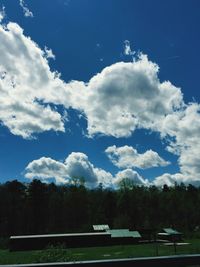 Scenic view of landscape against cloudy sky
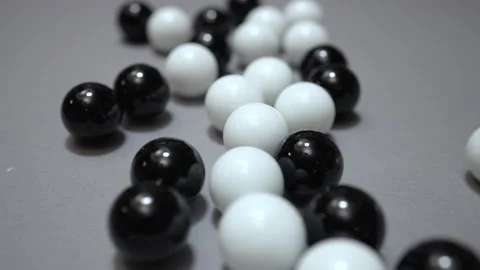 Group of black and white balls change position after impact Stock Footage 147462555
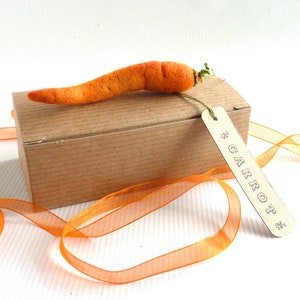 May include: A small brown cardboard box with a felt carrot on top. The box has a brown paper tag attached to it that says "CARROT". The box is sitting on a white surface with an orange ribbon.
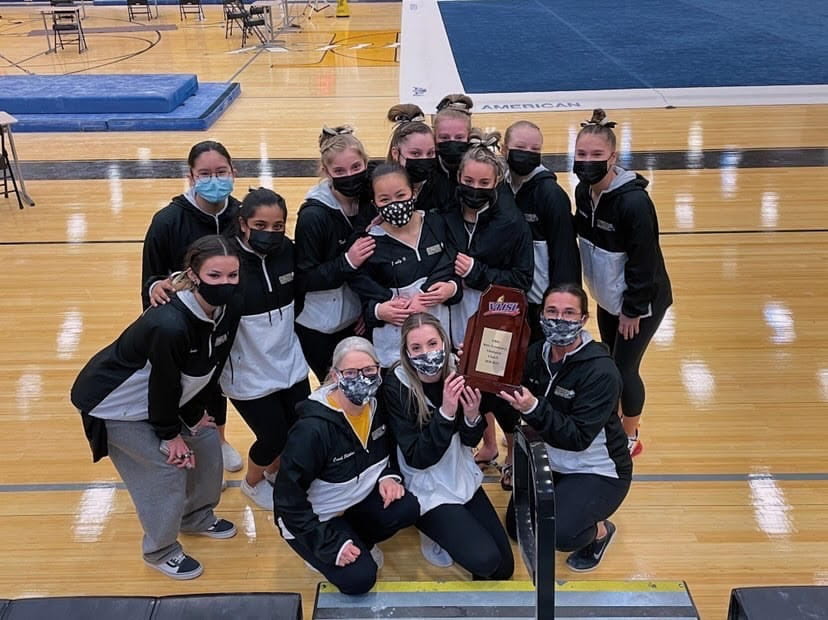 Photo provided by Emily Hyun. The Freedom gymnastics team takes their fourth consecutive state win and displays their trophy. 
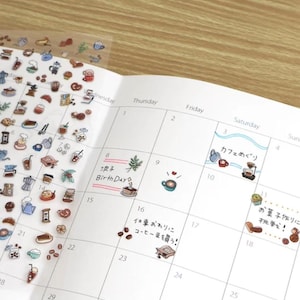 May include: A transparent sticker sheet featuring numerous small, colorful illustrations of coffee-related items, pastries, and drinks, partially overlapping a white paper calendar with handwritten Japanese text and small sticker accents.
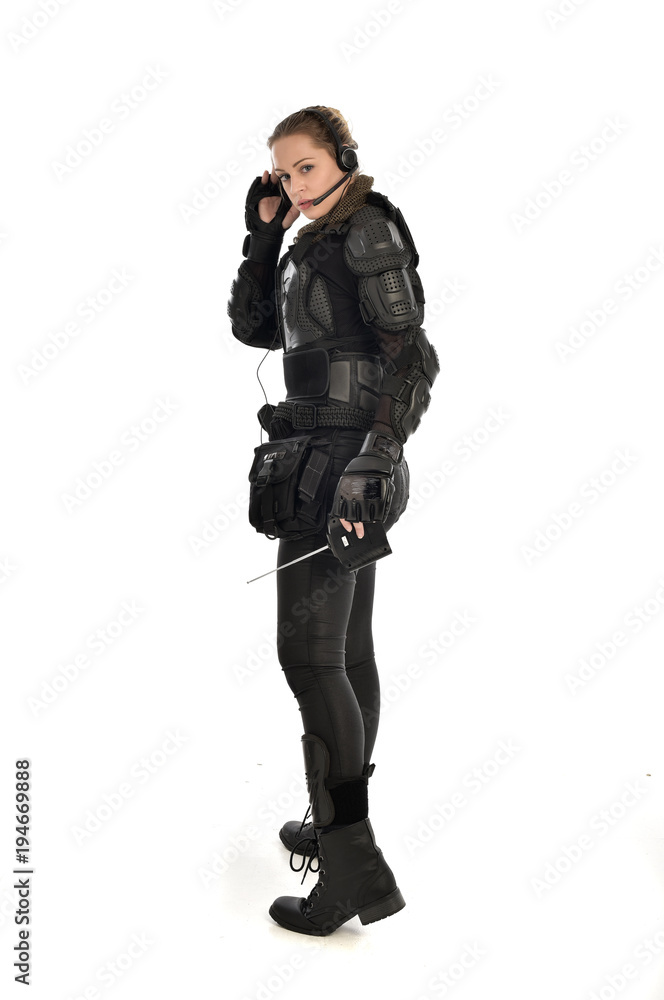 full length portrait of female  soldier wearing black  tactical armour, holding a remote control, isolated on white studio background.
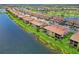 Beautiful waterfront condos with lush green lawns and terra cotta tile roofs in a sunny, landscaped community at 10805 Tarflower Dr # 101, Venice, FL 34293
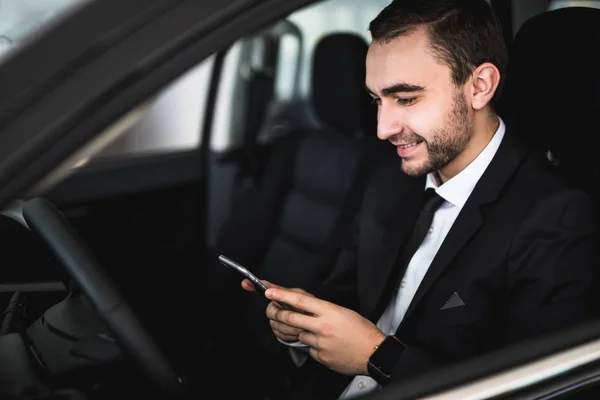Handsome businessman using smartphone in car on passanger seat — Stock Photo, Image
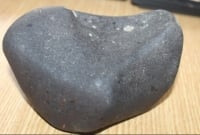 আকাশ থেকে পড়লো বিশালাকৃতির কালো পাথর, এলাকা জুড়ে আতঙ্ক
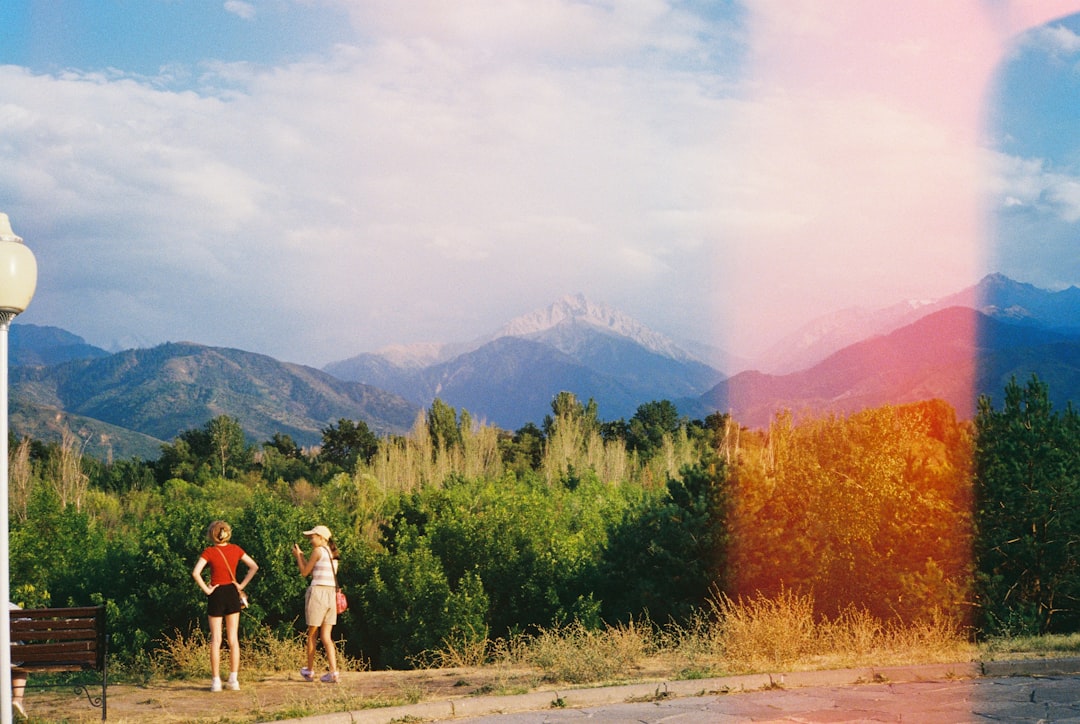 Snow-capped mountains stand out against a backdrop of lush greenery.
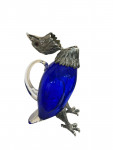 Victorian style silver plated claret jug in the form of a standing eagle (blue glass)
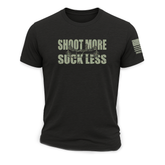 Front view of Bow Crew Apparel "Shoot More Suck Less" T-shirt featuring bold text on a casual black hunting lifestyle tee.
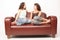 Young women sitting on sofa and talking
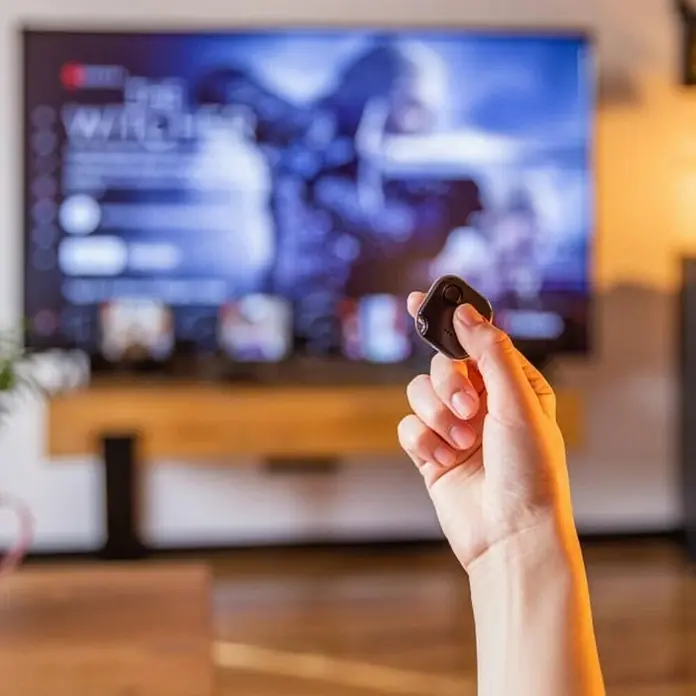 Shelly Schalter BLU Button1 - Schwarz, Batteriebetrieben - Eine Hand hält eine kleine, schwarze Fernbedienung vor einem Fernseher, der "The Witcher" zeigt. Praktisches Zubehör für Mediensteuerung.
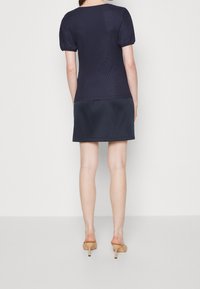 Námořnická halenka s texturou a balónovými rukávy, v kombinaci s hladkou námořnickou sukní. Tento outfit se vyznačuje hladkým materiálem a jednoduchou, přiléhavou siluetou.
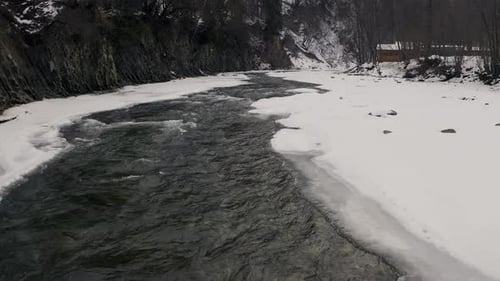 Aerial View in Winter on a Mountain River with a Forest During a Snowfall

- - -

Task to carry out -> With pictures excluded, reproduce exactly the lines above from the one containing "May include: A small" down to the one containing "Young women sitting on sofa and talking", those two included.

Task result ->
 May include: A small brown cardboard box with a felt carrot on top. The box has a brown paper tag attached to it that says "CARROT". The box is sitting on a white surface with an orange ribbon.
 Photo provided by Emily Hyun. The Freedom gymnastics team takes their fourth consecutive state win and displays their trophy. 
 May include: A transparent sticker sheet featuring numerous small, colorful illustrations of coffee-related items, pastries, and drinks, partially overlapping a white paper calendar with handwritten Japanese text and small sticker accents.
 full length portrait of female  soldier wearing black  tactical armour, holding a remote control, isolated on white studio background.
 Beautiful waterfront condos with lush green lawns and terra cotta tile roofs in a sunny, landscaped community at 10805 Tarflower Dr # 101, Venice, FL 34293
Handsome businessman using smartphone in car on passanger seat — Stock Photo, Image
 আকাশ থেকে পড়লো বিশালাকৃতির কালো পাথর, এলাকা জুড়ে আতঙ্ক
 Snow-capped mountains stand out against a backdrop of lush greenery.
 Victorian style silver plated claret jug in the form of a standing eagle (blue glass)
 Front view of Bow Crew Apparel "Shoot More Suck Less" T-shirt featuring bold text on a casual black hunting lifestyle tee.
 Young women sitting on sofa and talking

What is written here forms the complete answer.